§ **TASK DESCRIPTION**: In the data below, find the line containing "2013 Ford F150" and the line containing "2022 Mercedes-Benz GLC-Class", then reproduce them and every line between, exactly. Omit pictures.

(Beginning of PROVIDED MATERIAL)

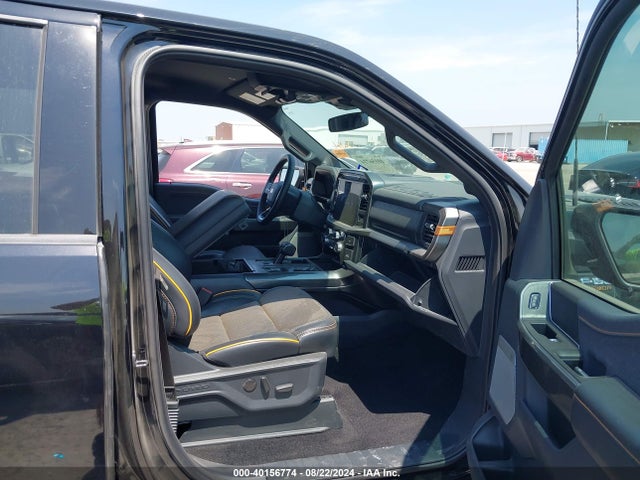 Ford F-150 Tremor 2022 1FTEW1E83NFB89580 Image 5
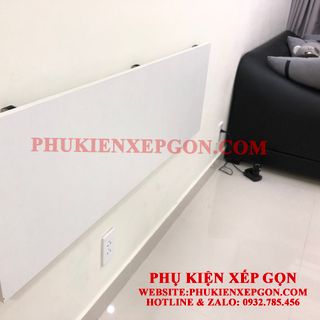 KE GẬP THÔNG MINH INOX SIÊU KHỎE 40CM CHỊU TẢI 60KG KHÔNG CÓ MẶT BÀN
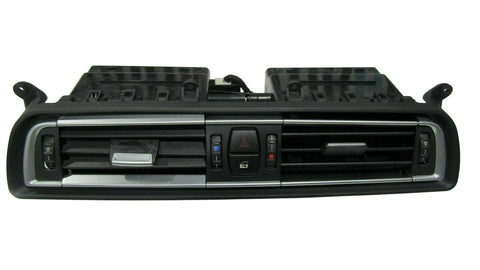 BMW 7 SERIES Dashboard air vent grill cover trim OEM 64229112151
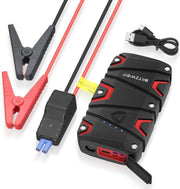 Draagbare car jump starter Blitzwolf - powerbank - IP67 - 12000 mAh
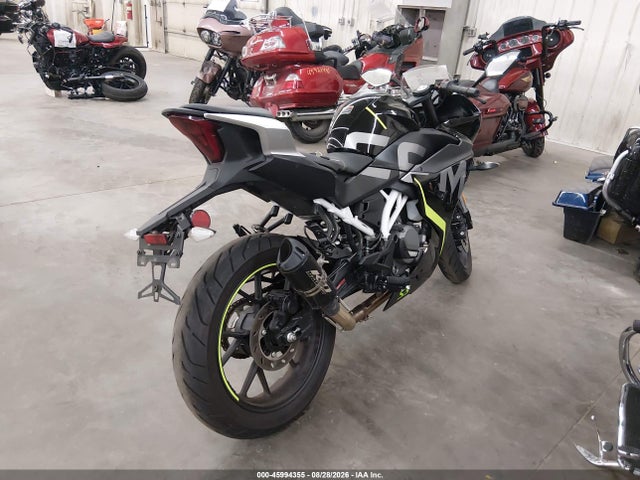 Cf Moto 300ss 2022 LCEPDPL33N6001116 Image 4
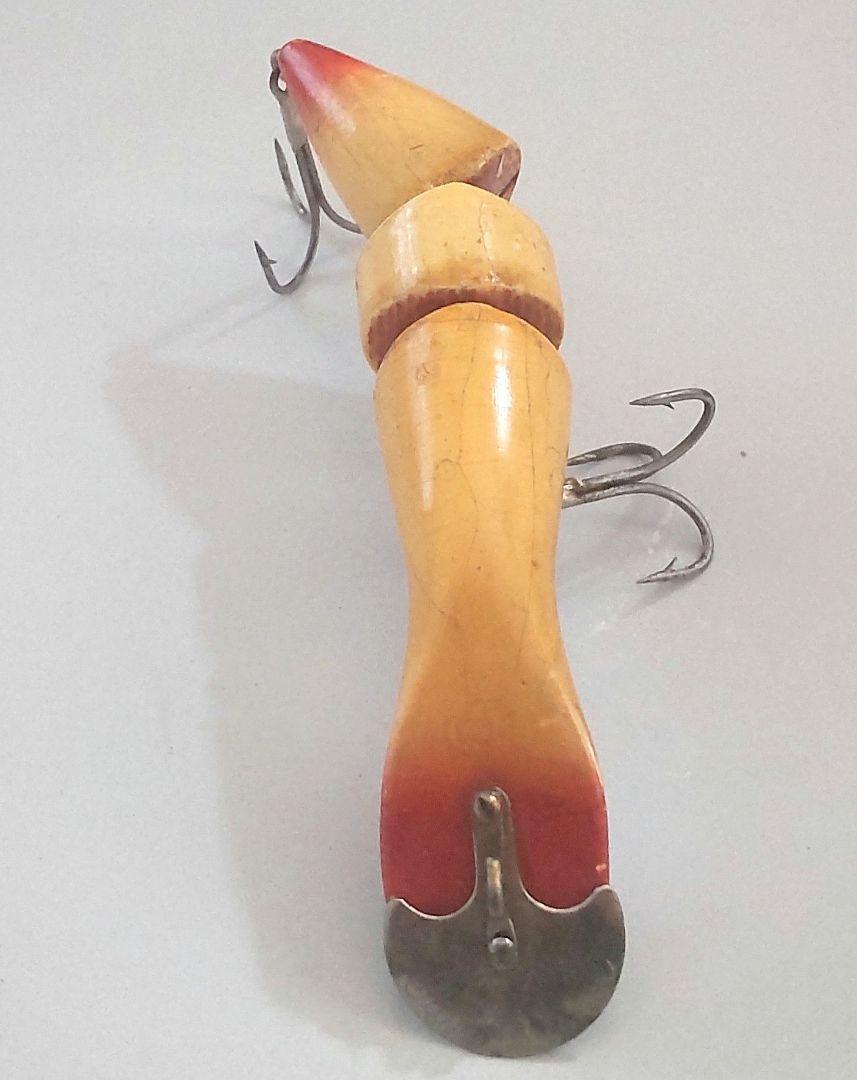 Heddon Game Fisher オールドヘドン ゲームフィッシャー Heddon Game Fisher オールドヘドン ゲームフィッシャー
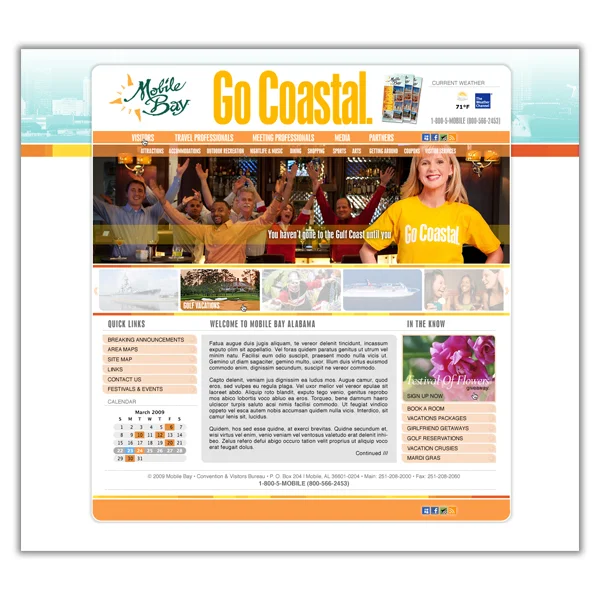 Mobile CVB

(End of PROVIDED MATERIAL)
(Beginning of PROVIDED MATERIAL)

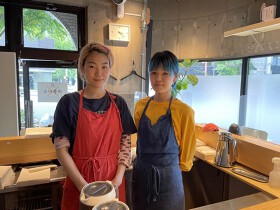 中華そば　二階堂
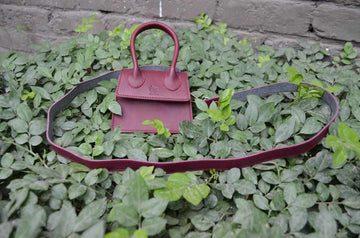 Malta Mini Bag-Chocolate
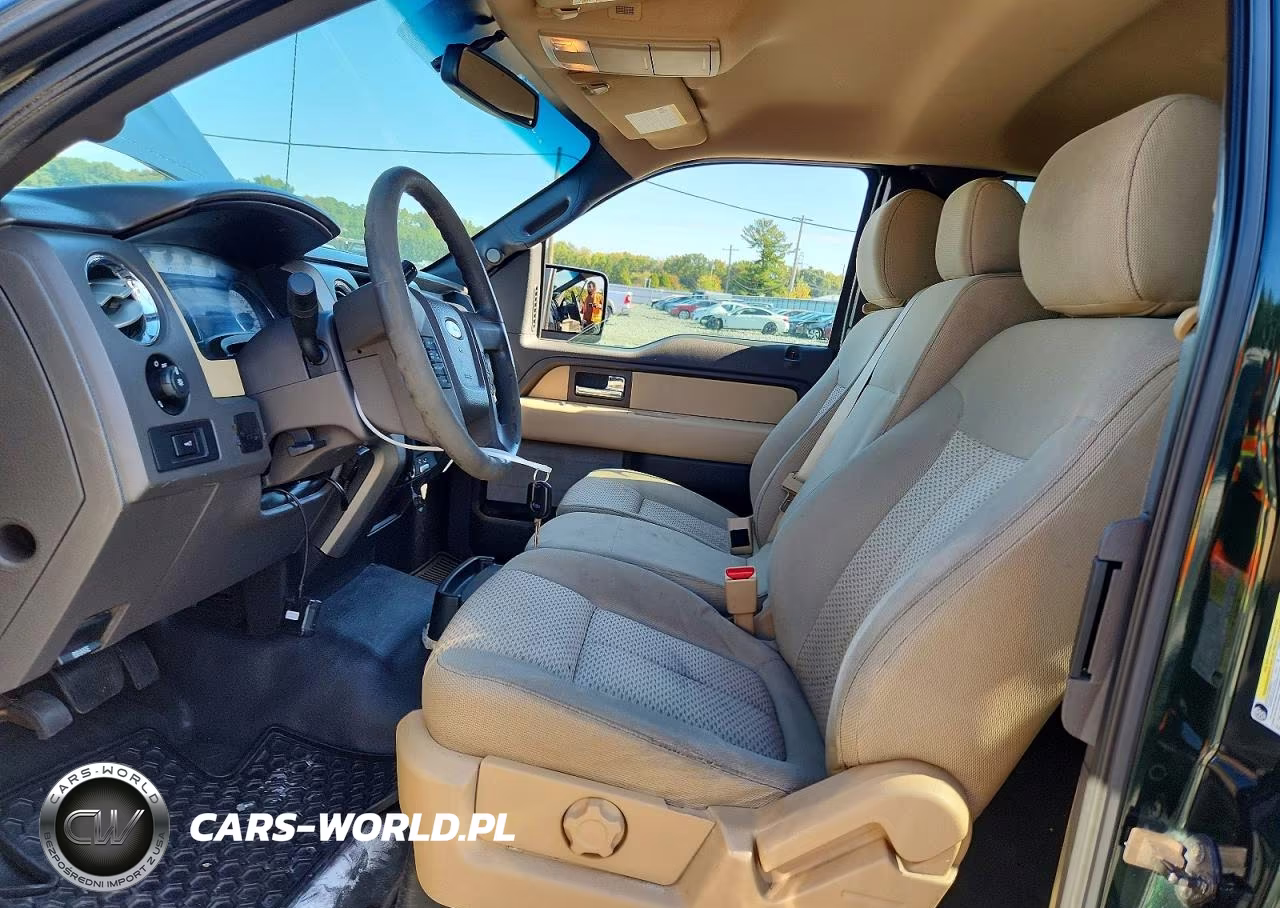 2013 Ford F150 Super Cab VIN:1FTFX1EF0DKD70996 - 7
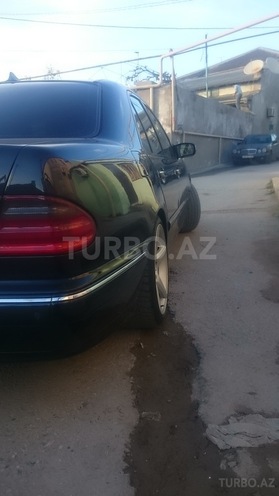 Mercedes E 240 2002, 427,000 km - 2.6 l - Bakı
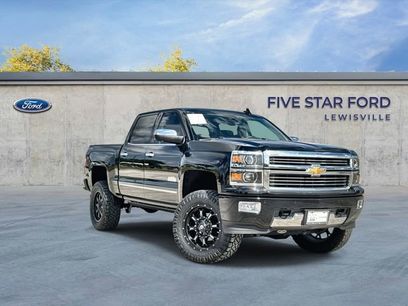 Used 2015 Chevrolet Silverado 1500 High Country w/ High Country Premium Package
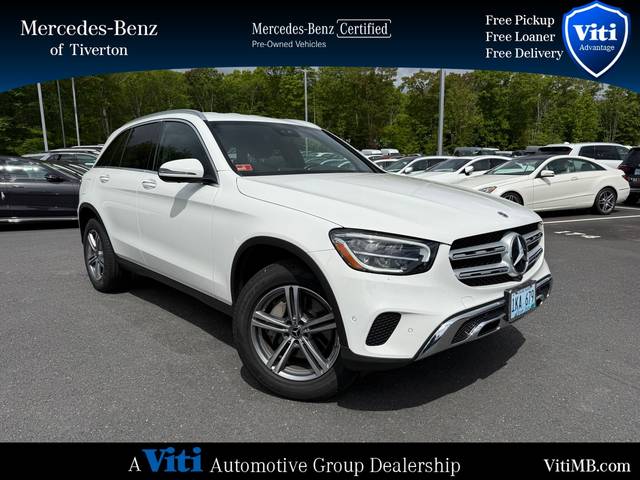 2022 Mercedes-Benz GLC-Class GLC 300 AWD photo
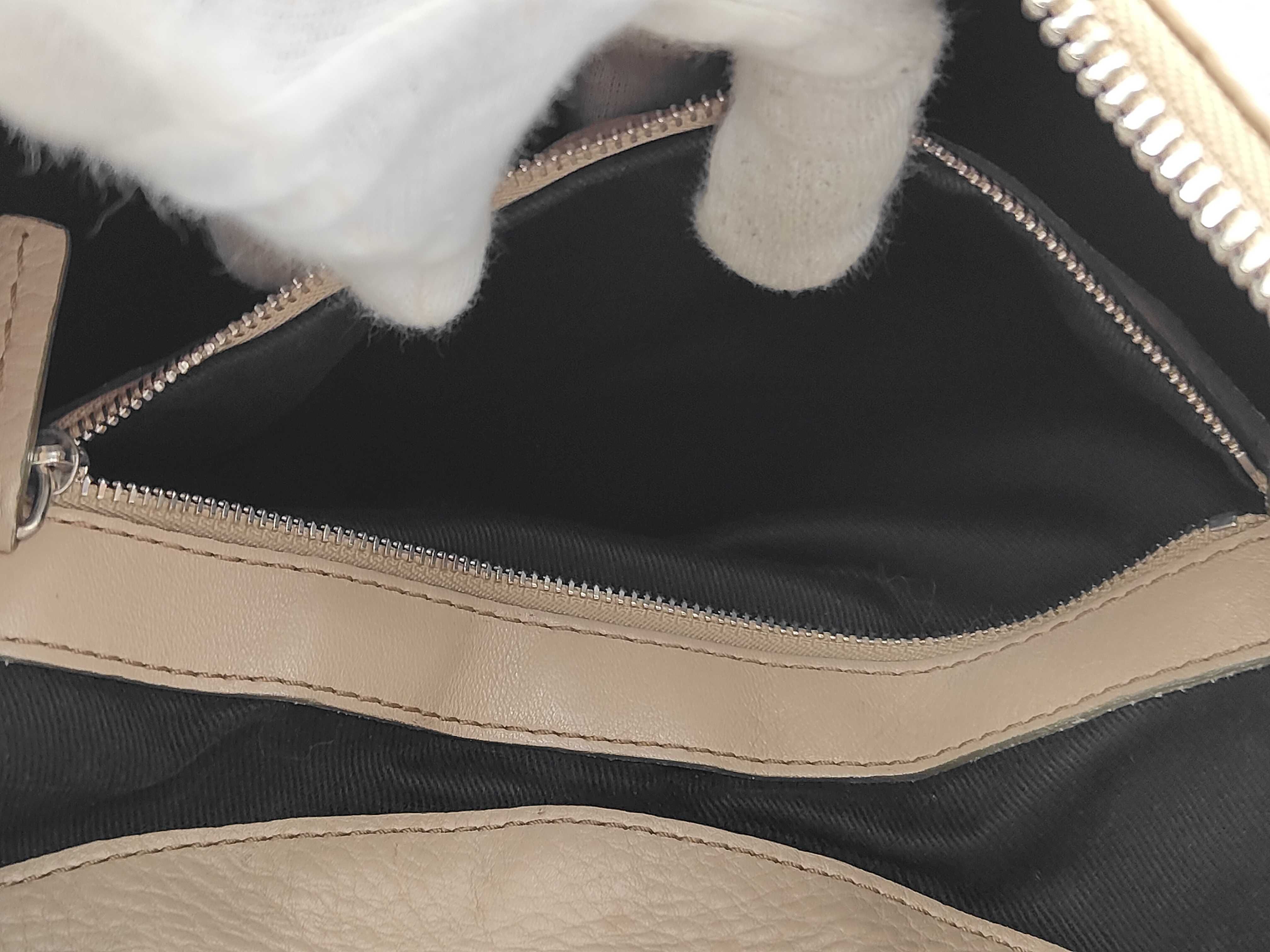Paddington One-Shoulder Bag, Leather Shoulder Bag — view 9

(End of PROVIDED MATERIAL)

§ **ANSWER SPACE**:
 2013 Ford F150 Super Cab VIN:1FTFX1EF0DKD70996 - 7
 Mercedes E 240 2002, 427,000 km - 2.6 l - Bakı
 Used 2015 Chevrolet Silverado 1500 High Country w/ High Country Premium Package
 2022 Mercedes-Benz GLC-Class GLC 300 AWD photo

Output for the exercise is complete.